二元配置分散分析とは,要因が2つ以上の場合の分散分析になります.二元配置分散分析では各要因の効果に加えて,変数間の交互作用についても評価することができます.

一元配置分散分析との違いや交互作用については,以下のページで解説しています.

》分散分析とは

二元配置分散分析の考え方は以下の図になります.業界ごと・副業の有無ごとに年収を比較した例になります.

二元配置分散分析の考え方

二次元配置分散分析では「副業有無によって年収に差があるか」「業界の違いによって年収に差があるか」「副業の有無と業界の違いに交互作用があるか」の3点について判定することができます.

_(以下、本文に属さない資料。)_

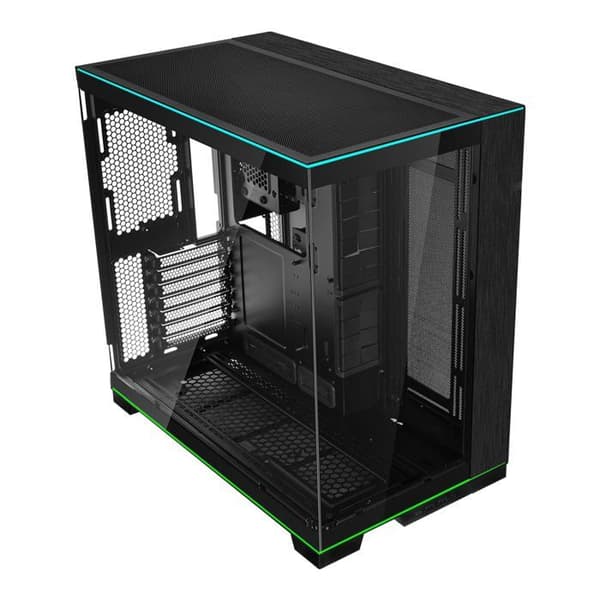 PC-chassi - Lian Li - O11D EVO RGB - Svart - Härdat glas - Anpassningsbar RGB-belysning Svart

比較するセル内(業界内)のデータのばらつきを誤差の効果,行間(副業有無)のデータのばらつきを要因A(副業有無による)の効果,列間(業界ごと)のデータのばらつきを要因B(業界の違いによる)の効果と考えます.

交互作用は群間変動から要因Aの効果と要因Bの効果を除いた変動になります.誤差の効果に対して各要因の効果,交互作用が大きい場合に値が大きくなるような検定統計量を求めます.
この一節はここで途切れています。